Someone gave Mrs Happy a big thick book to hold. Someone asked what her name was. She didn’t understand, she completely misheard the question.
She was upset, she was annoyed, she began her rant.
This is all about care homes or homes or whatever you want to call ‘em – places to lock up people like me. Not very nice if you ask me.
And they are effing awful. I’ve been in a few, really nasty, wake you up at six in the morning, awful food, you have to watch some awful program on TV, awful food again, more TV, lights out at six, really effing awful.
Most of them women just sit there looking at the wall all day long. Or they sit in the hallway and watch the other people go by. Then comes a carer and jams handfuls of pills into their mouths – painfully awful.
I’ve been pushed into these places, homes you call them, and every time I managed to escape. That’s why I stay with Matron; she is good to us.
You say that Matron does funny things, funny things with us. She does that to keep us happy. She tells us when she wants to do funny things to us. Very funny things I must say, but we always say yes because she is always so good to us.
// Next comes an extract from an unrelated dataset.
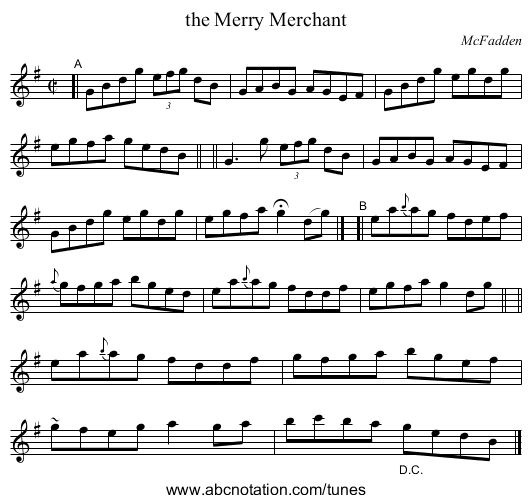 the Merry Merchant - staff notation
And all the funny things are great fun, I like them so much.
That’s why I stay with Matron; she is good to us, she looks after us, we can do what we like, even watch TV if we like, any program we like.
I does the ironing. I like it best when I'm ironing thick cotton things – I can really press heavily. I'm strong and I'm heavy. I does the ironing.
Nobody could stop her, Matron tried, the clerk of the court tried, even the magistrate. Mrs Happy ranted without stop, she got louder, she repeated the rant, she got louder, she repeated the rant.
The magistrate adjourned the court for lunch. Mrs Happy ranted. Matron fed her biscuits.
After lunch, after half an hour of continuous ranting, the magistrate had had enough; he adjourned the court till the next day. The court room emptied, just Matron and the ranter.